As shareholders and proxy advisors increase their focus on pay for performance, the questions of whether and how to exercise discretion in compensation programs have become more important and much more difficult to answer. For energy companies in particular the ground continues to shift. Companies have been moving a lot over the last few years from fully discretionary to formulaic programs back to somewhere in the middle.

Once a Committee has gone through the difficult processes of assessing performance metrics for alignment with strategy and shareholder experience and testing performance levels for appropriate stretch, the temptation is to step back and let the plan automatically drive the payouts. Unfortunately, this is no longer the right answer and Committees need to be actively engaged in assessing final payouts.

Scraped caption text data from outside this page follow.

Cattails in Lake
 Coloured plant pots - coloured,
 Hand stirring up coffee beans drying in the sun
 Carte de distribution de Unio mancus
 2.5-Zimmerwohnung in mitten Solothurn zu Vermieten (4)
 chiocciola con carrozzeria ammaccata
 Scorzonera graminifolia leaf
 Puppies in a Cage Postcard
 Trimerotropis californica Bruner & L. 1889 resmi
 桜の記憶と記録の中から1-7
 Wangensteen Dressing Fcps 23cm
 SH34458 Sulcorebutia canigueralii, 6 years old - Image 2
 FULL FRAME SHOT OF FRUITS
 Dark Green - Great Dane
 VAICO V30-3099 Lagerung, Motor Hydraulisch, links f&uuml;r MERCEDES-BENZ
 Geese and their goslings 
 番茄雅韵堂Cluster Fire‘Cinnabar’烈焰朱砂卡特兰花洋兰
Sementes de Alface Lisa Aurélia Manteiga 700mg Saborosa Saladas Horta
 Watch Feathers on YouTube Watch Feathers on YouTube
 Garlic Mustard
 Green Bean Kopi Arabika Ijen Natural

While proxy advisors prefer that discretion only be exercised to decrease incentive payouts, sophisticated shareholders expect the Committee to exercise business judgment to ensure that payouts are appropriate given the performance of the business, an exercise that can make both the Committee and management nervous. Every company should develop a process that fits their business needs and culture. The following guidelines can be tailored to work for your organization and may help alleviate anxiety and provide a good basis for proxy disclosure:

  • Start the process with clear metrics and defined payout curves as the foundation for the incentive program
  • Distinguish between the exercise of discretion and adjustments to GAAP measures—where possible, adjustments from GAAP measures should be specified in advance, at least on a principled basis, rather than considered once the year’s results are finalized
  • Establish a framework for the exercise of discretion
    • Consider a maximum adjustment upwards and downwards from the plan results, e.g. the Committee has discretion to increase or decrease payouts by a maximum of 20%
    • Specify, in advance, the factors the Committee will take into account in exercising its discretion, such as total shareholder return, achievement of strategic milestones, performance relative to commodity price, environmental and safety performance
  • Review progress against performance targets and discuss issues, conditions and performance that may result in an exercise of discretion at Committee meetings throughout the year, so there are no surprises for management or Committee members.
  • Apply discretion on a principled basis and consistently year over year
  • Avoid using discretion to provide payouts in a year when performance is poor—where retention is a concern, use an express retention vehicle.

An appropriate exercise of discretion should be easy to explain to shareholders and management and should achieve a balance between management’s efforts and accomplishments and shareholder experience.